_PROBLEM:_
Starting from the top of the entries below and ending with the line containing "In this tutorial", restate every line word for word, pictures omitted.

Dataset entries
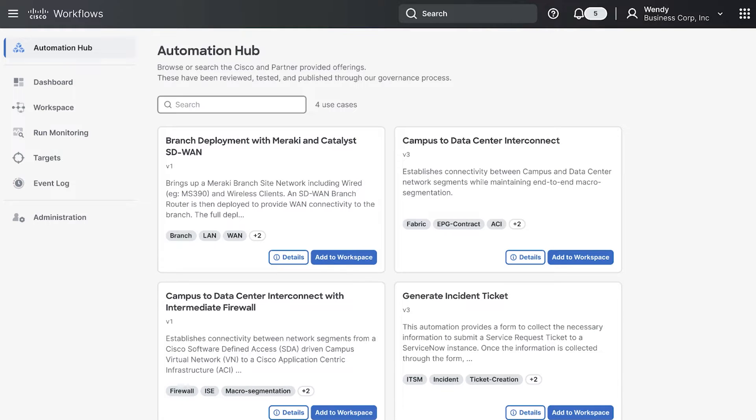We want to deploy this use case for a branch deployment with Meraki and Catalyst SD-WAN. Let's add that to our workspace.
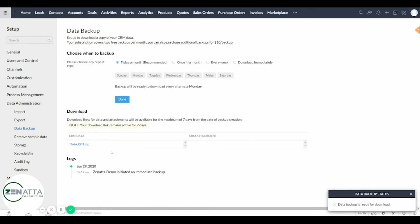Now you can see the backup is finished and we're going to go ahead and click on that data 001 zip. That will download the file to your hard drive.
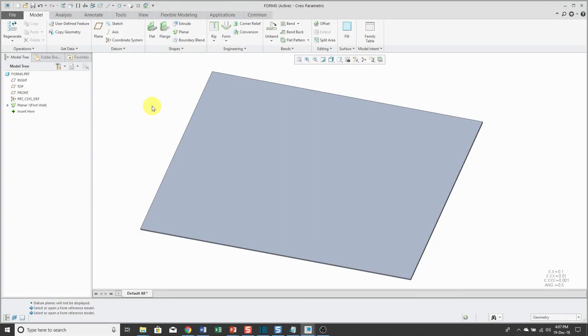I want to show you a tip about placing forms in sheet metal parts. It's basically that PTC provides a number of pre-configured punch and die forms for you.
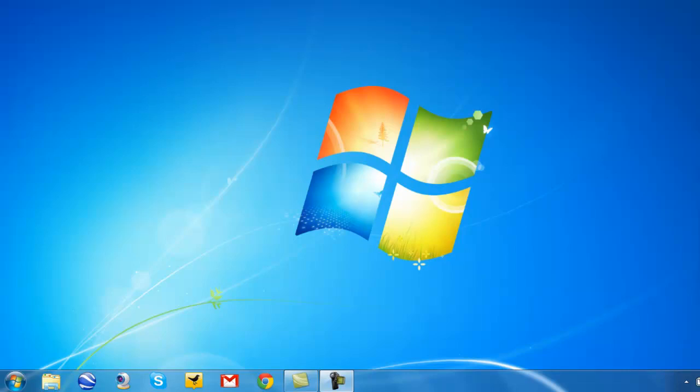Hello everybody, Vince Bagna here. Thank you very much for tuning into this video. This video is going to be on how to install Ubuntu on your Windows PC using the Wubi application. You might have heard about Ubuntu before, and this video is going to show you how to install Ubuntu on your Windows PC quickly and easily. So sit back and relax. We're going to be dual booting between Ubuntu and Windows — adding a second operating system to our Windows PC. Let's get started.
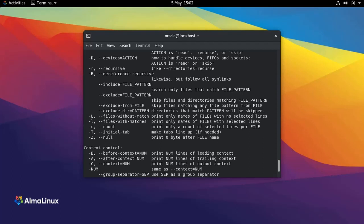In this tutorial we have learned how to use the grep command to find a specific string in multiple files. I hope this video has been helpful for you, and thank you for watching.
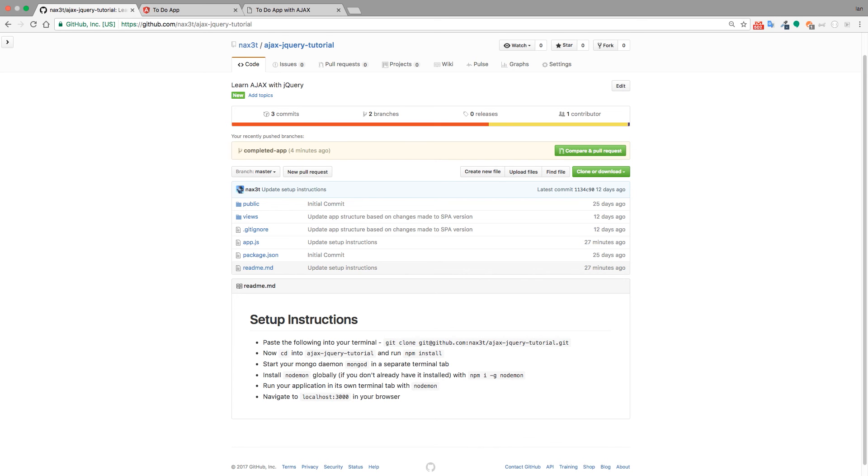Hey everyone, welcome to the building a single page application with jQuery and Ajax course. My name is Ian Schoonover and I'll be teaching you how to use jQuery and Ajax to refactor an Express application and turn it into a single page application.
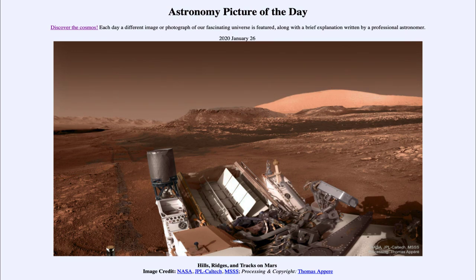So that was our picture of the day for January the 26th of 2020 — titled Hills, Ridges and Tracks on Mars. We'll be back again tomorrow for the next picture, previewed to be an evaporating comet, so we'll see what that is about tomorrow. Until then, have a great day everyone, and I will see you in class.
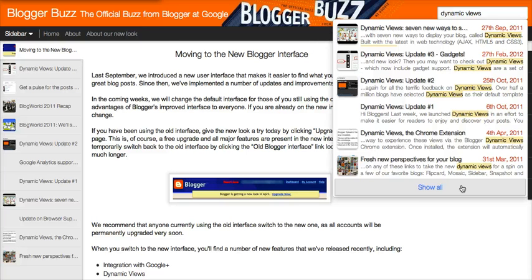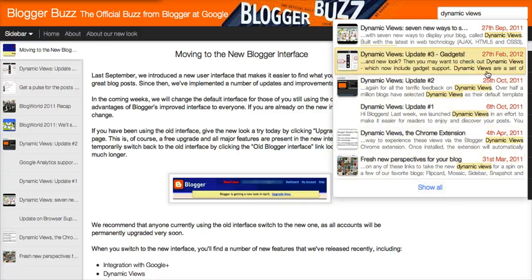The difference between what this does and what the previous search function did is that it actually shows your blog posts based on relevancy instead of just chronologically.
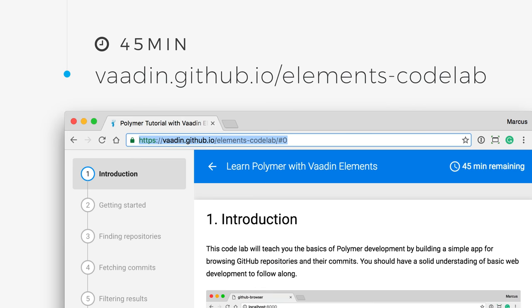So that's all the theory that you need in order to complete this Codelab. If you're not already on the page, please go to vaadin.github.io/elements-codelab and finish the elements codelab there. If you happen to find any issues or problems with it, there's a link in the lower left-hand corner for filing issues. Thank you.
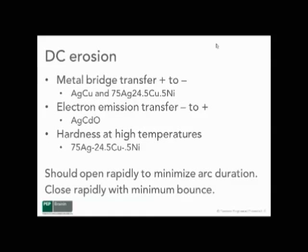DC erosion, as opposed to AC, means you always know the polarity. So the metal bridge transfer generally moves from plus to minus if the temperature difference between the two contacts is fairly small.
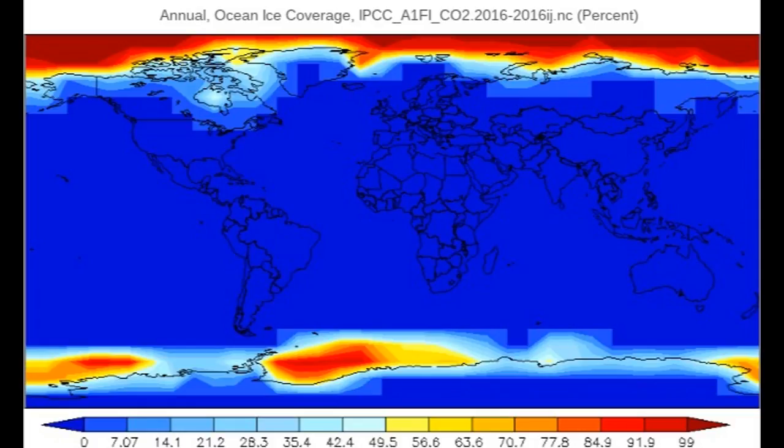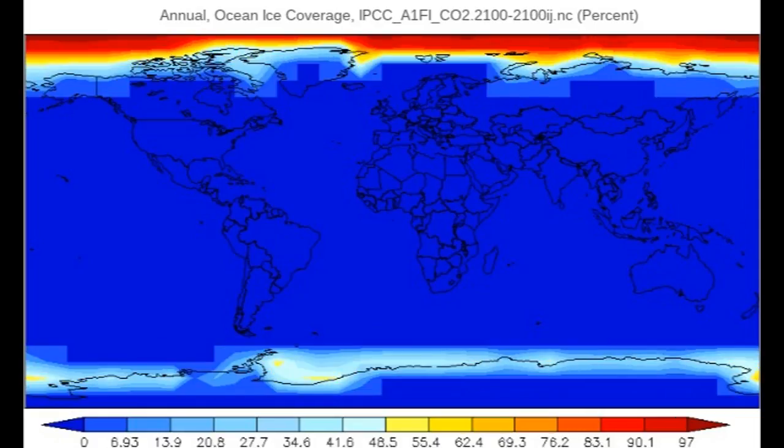This shows the annual ocean ice coverage in 2016. This is the ice in 2100 — notice there is less ice in the north pole, especially around the coast of Antarctica.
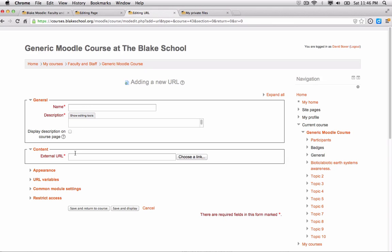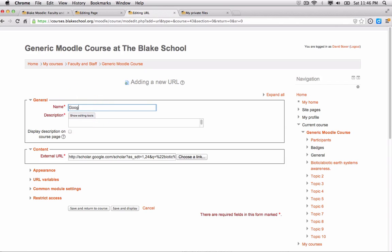In this case, I'm copying and pasting a URL to a Google Scholar set of articles on Biotic Earth Systems since 2013.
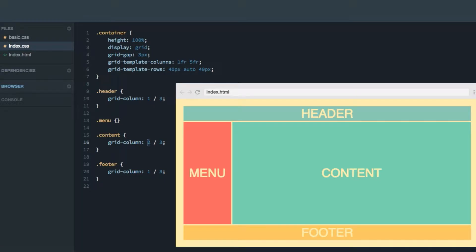Hey, in this screencast, you're going to learn a new way of positioning and sizing the items on the grid using something called named lines.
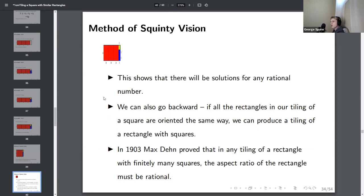We can also go backward: if all rectangles in our tiling are oriented the same way, we can produce a tiling of a rectangle with squares by 'unsquinting.' In 1903, Max Dehn proved that in any tiling of a rectangle with finitely many squares, the aspect ratio of the rectangle must be rational. So any solution where all rectangles point the same way must have a rational aspect ratio, and moreover all the individual squares must be rational-sized.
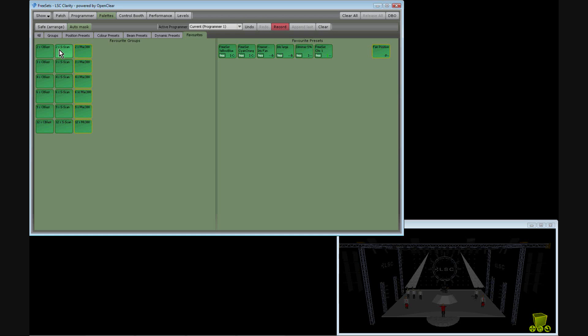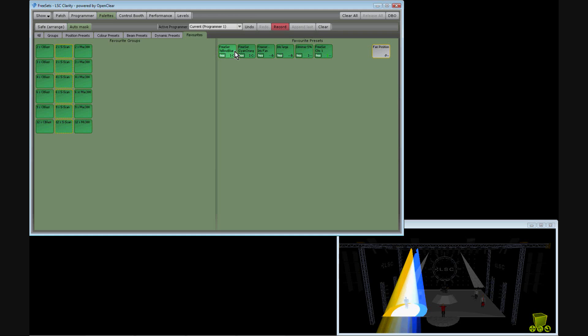I can now select any group of lights and apply the preset. As I select different quantities of fixtures, the preset automatically scales to suit.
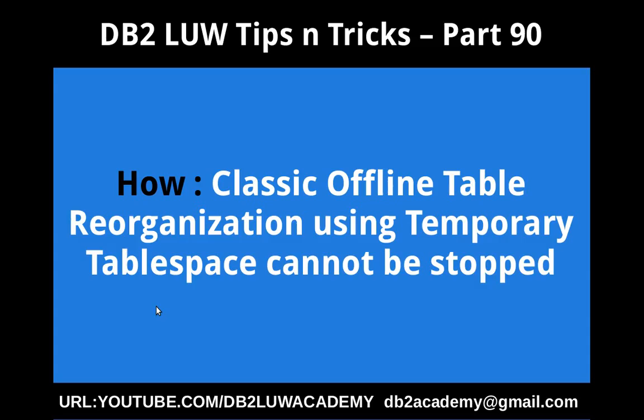Hi, this is Harish here. Welcome to DB2 LUW Tips and Tricks video tutorial part 90.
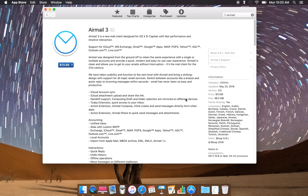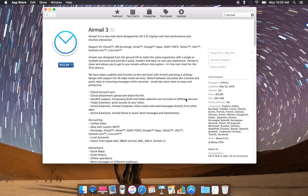I'm just talking about what kind of features it has. It has iCloud account sync, iCloud attachment upload and share the link, handoff support, composing drafts and folders to select or mirroring on different devices, the extension.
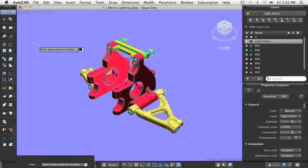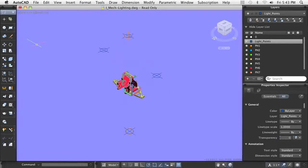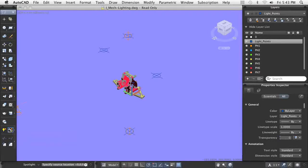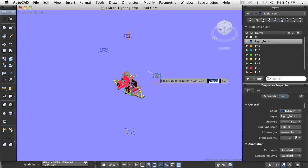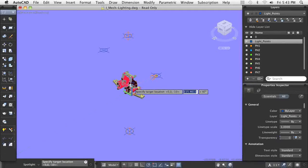As you can see, we initially added a series of point lights to the design. Point lights only require that the source location of the light be defined. Since the spotlight gives off a different type of light, it requires additional information. In addition to defining the source, you must also define the target location.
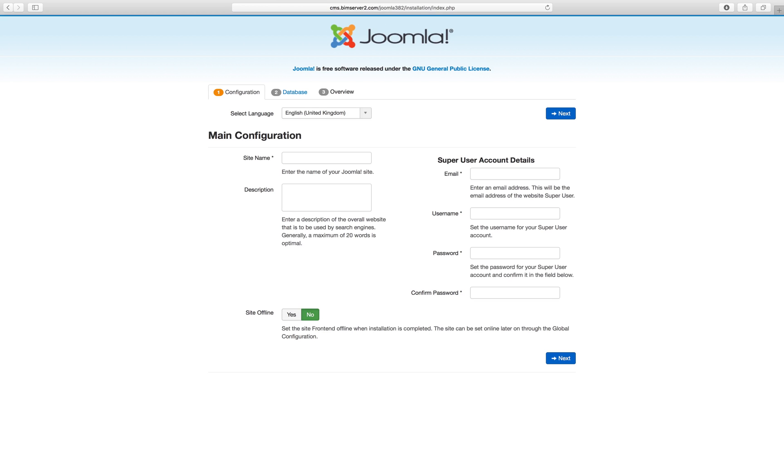Okay, let's have a look at installing Joomla, in this case Joomla 3.8.2, which at the moment in November 2017 is the latest version.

_THE ANSWER:_
We want to deploy this use case for a branch deployment with Meraki and Catalyst SD-WAN. Let's add that to our workspace.
Now you can see the backup is finished and we're going to go ahead and click on that data 001 zip. That will download the file to your hard drive.
I want to show you a tip about placing forms in sheet metal parts. It's basically that PTC provides a number of pre-configured punch and die forms for you.
Hello everybody, Vince Bagna here. Thank you very much for tuning into this video. This video is going to be on how to install Ubuntu on your Windows PC using the Wubi application. You might have heard about Ubuntu before, and this video is going to show you how to install Ubuntu on your Windows PC quickly and easily. So sit back and relax. We're going to be dual booting between Ubuntu and Windows — adding a second operating system to our Windows PC. Let's get started.
In this tutorial we have learned how to use the grep command to find a specific string in multiple files. I hope this video has been helpful for you, and thank you for watching.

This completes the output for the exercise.